'Hidden unit specialization in layered neural networks: ReLU vs. sigmoidal activation' (November 2020)

Elisa Oostwal, Michiel Straat, Michael Biehl. In: Physica A: Statistical Mechanics and its Applications, Volume 564.

ABSTRACT: By applying concepts from the statistical physics of learning, we study layered neural networks of rectified linear units (ReLU). The comparison with conventional, sigmoidal activation functions is in the center of interest. We compute typical learning curves for large shallow networks with K hidden units in matching student teacher scenarios. The systems undergo phase transitions, i.e. sudden changes of the generalization performance via the process of hidden unit specialization at critical sizes of the training set. Surprisingly, our results show that the training behavior of ReLU networks is qualitatively different from that of networks with sigmoidal activations. In networks with K ≥ 3 sigmoidal hidden units, the transition is discontinuous: Specialized network configurations co-exist and compete with states of poor performance even for very large training sets. On the contrary, the use of ReLU activations results in continuous transitions for all K. For large enough training sets, two competing, differently specialized states display similar generalization abilities, which coincide exactly for large hidden layers in the limit K → ∞. Our findings are also confirmed in Monte Carlo simulations of the training processes.

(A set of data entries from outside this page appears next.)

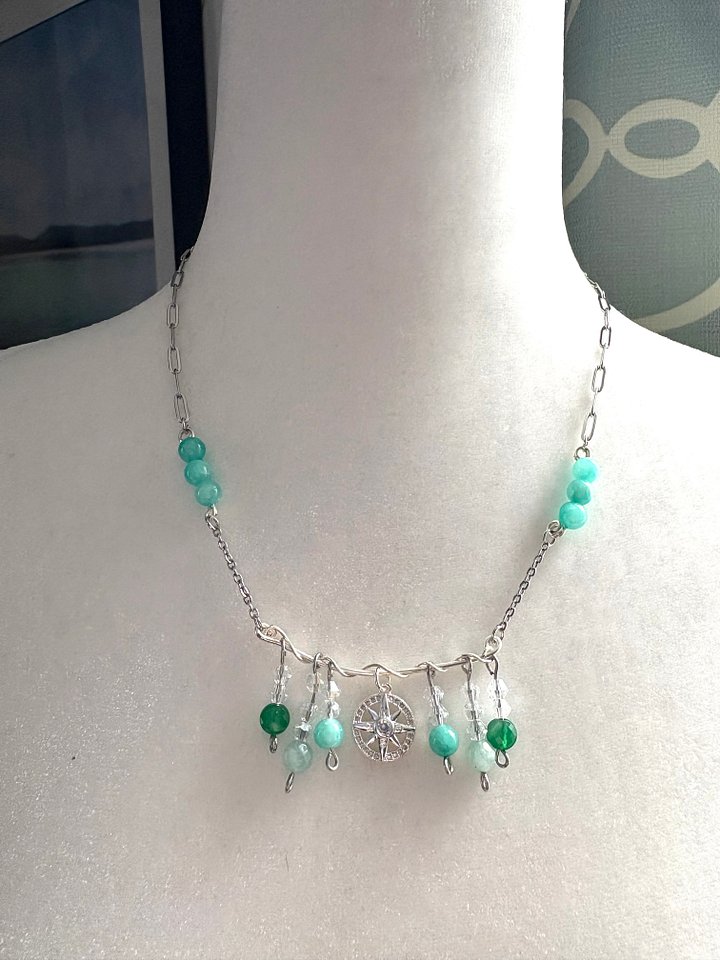 MFD-00307 | MFD-00307 | Aqua & Jade Compass Charm Necklace – Handcrafted Nautical Aqua/Green Statement Jewelry for March Birthdays & St. Patrick’s Day product image (1)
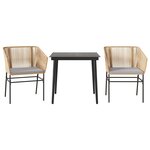 vidaXL Ensemble à manger jardin coussins 3Pièces marron poly rotin verre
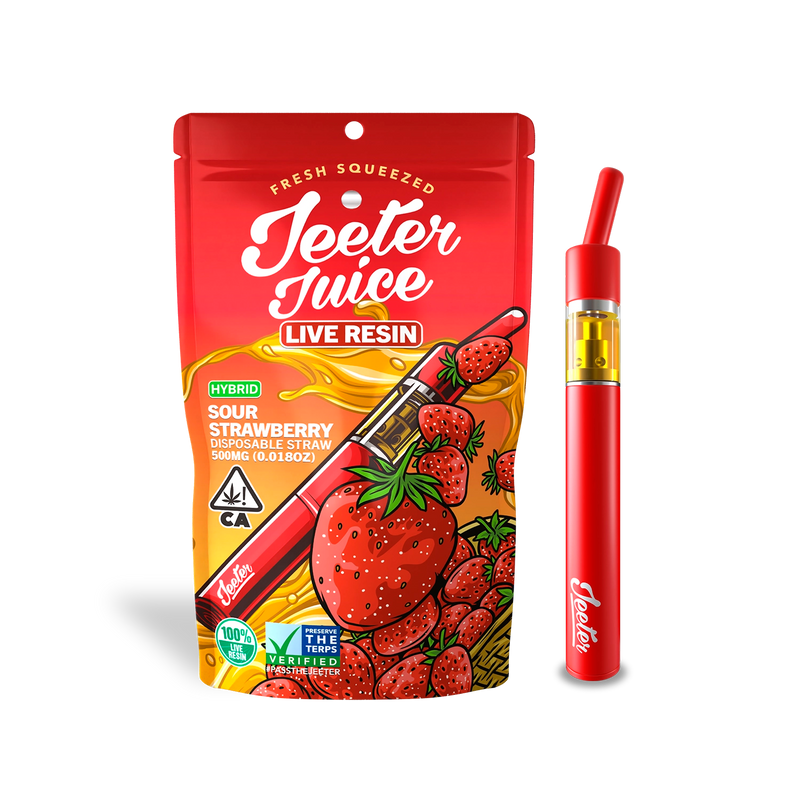 Caneta THC Jeeter Juice Sour Strawberry | Híbrido | 91,3%
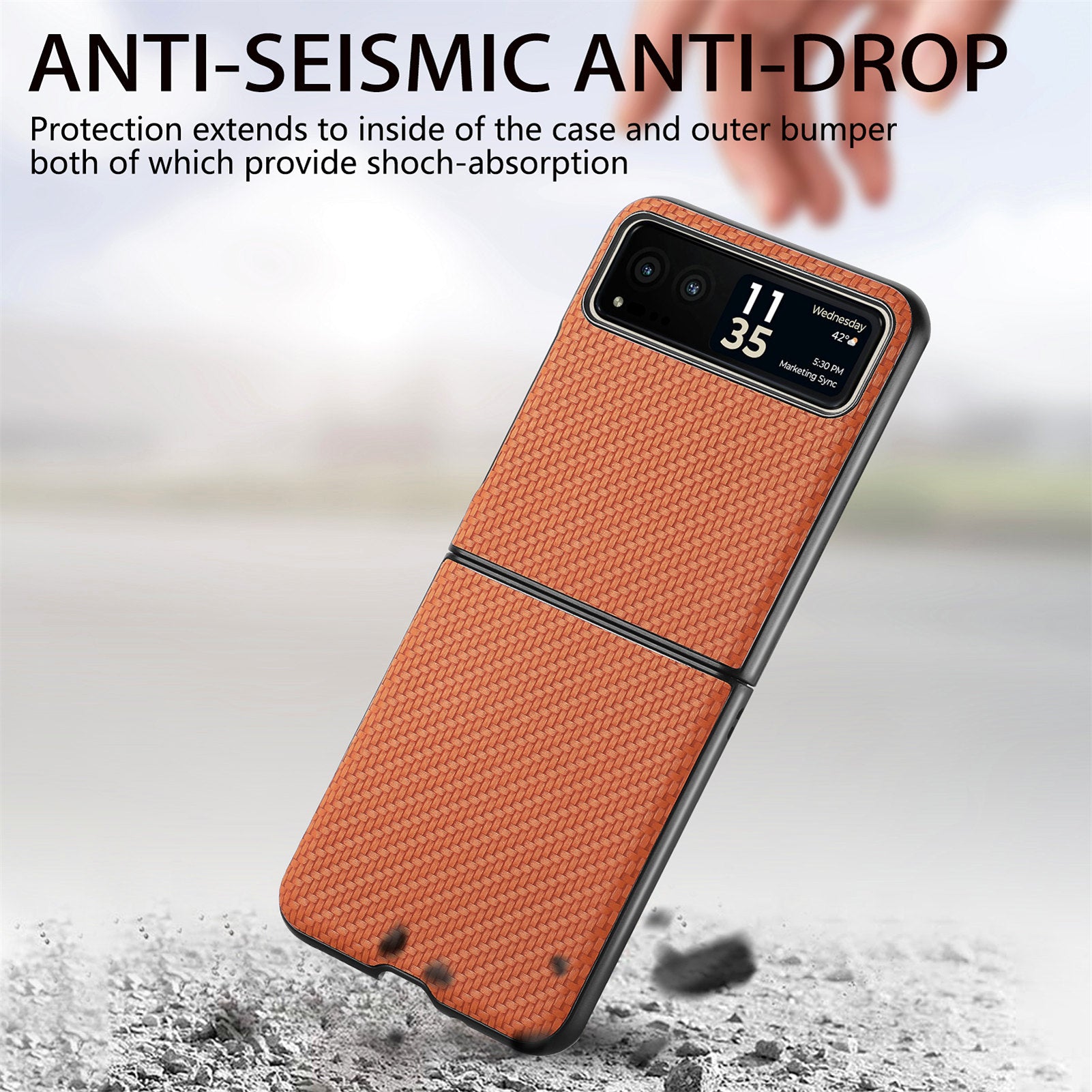 Uniqkart for Motorola Razr 40 5G Phone Case Carbon Fiber Texture PU Leather+PC Phone Cover - Brown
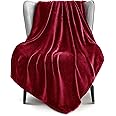 Exclusivo Mezcla Extra Large Fleece Throw Blanket for Couch, Sofa, 300GSM Super Soft and Warm Blankets, Deep Red Throw All Season Use, Cozy, Plush, Lightweight, 50x70 Inches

'Phase Transitions in Layered Neural Networks: The Role of The Activation Function' (December 2020)

Master thesis  -  Supervisors: Michael Biehl, Kerstin Bunte, Michiel Straat

ABSTRACT: One of the improvements in the model of artificial neural networks is the use of other activation functions than the conventionally used sigmoidal function. Many alternative activation functions have been proposed which are all claimed to have a superior performance. While an extensive comparison of activation functions based on their performance has been made, a theoretical foundation that explains the observed differences is lacking. In this thesis we investigate which characteristics of the activation functions determine the type of phase transition. For this, we borrow concepts from statistical physics to research the learning behaviour of artificial neural networks in the context of off-line learning. Five activation functions are studied: sigmoidal, Rectified Linear Unit, Leaky Rectified Linear Unit, Piecewise Linear Unit, and a novel activation function, dubbed Rectified Piecewise Linear Unit. Our research shows that sigmoidal and PLU activation both cause a discontinuous phase transition in networks with more than three hidden units, whereas ReLU and LReLU activation induce a continuous phase transition. RePLU causes a discontinuous phase transition for a particular range of its slope, but provokes a continuous phase transition when its slope exceeds this upper limit. We hypothesize that a continuous phase transition is established when the response of the activation function is linear and the slope on the negative domain differs from the slope on the positive domain.

'Learning of single-layer neural networks: ReLU vs. sigmoidal activation' (November 2019)

Research project  -  Supervisors: Michael Biehl, Michiel Straat

ABSTRACT: Due to great advancements in hardware and the availability of large amounts of data, the topic of artificial neural networks has regained interest from scientists. Conventionally, sigmoidal activation is used in the hidden units of these networks. However, so-called rectified linear units (ReLU) have been proposed as a better alternative, due to the activation function's computational ease and higher training rate compared to sigmoidal activation. These claims are however mainly based on empirical data, and thus a theoretical approach is needed to understand the fundamental differences between sigmoidal activation and ReLU activation, if there are any at all. In this study we have investigated why ReLU might perform better than sigmoidal units by researching their fundamental differences in the context of off-line learning, using a statistical physics approach. We have restricted ourselves to shallow networks with a single hidden layer as a first model system. We found that, while sigmoidal undergoes a first order phase transition for three hidden units, ReLU still experiences a second order phase transition in this case, which is beneficial for the performance. This provides theoretical evidence that indeed ReLU performs better than sigmoidal, at least for this small number of units.

'Efficiency of organic solar cells: Improving a model for the fill factor' (July 2018)

Bachelor thesis  -  Supervisors: Michael Biehl, Jan Anton Koster

ABSTRACT: The need for renewable ways of generating energy such as solar energy is urgent. Solar cells made from inorganic materials have already made great progress, the state of the art inorganic solar cells having an efficiency of around 45%. There are however alternatives to these inorganic solar cells, namely organic solar cells, which have interesting mechanical properties such as flexibility. It is however difficult to obtain a high efficiency for these, most recent research obtaining an efficiency of only 15%. It is therefore needed to get a better understanding of what determines the efficiency of organic solar cells. In this research an attempt has been made to improve the already existing model for fill factor, a measure of the efficiency, which has been developed by Bartesaghi et al.. This has been done using two approaches. First from the point of view of physics, using both steady-state and transient simulations. For the former it was needed to set up a numerical model of a solar cell. In the second half we have tried to optimize the model from the side of computing science, mainly using a basic technique from machine learning: linear regression.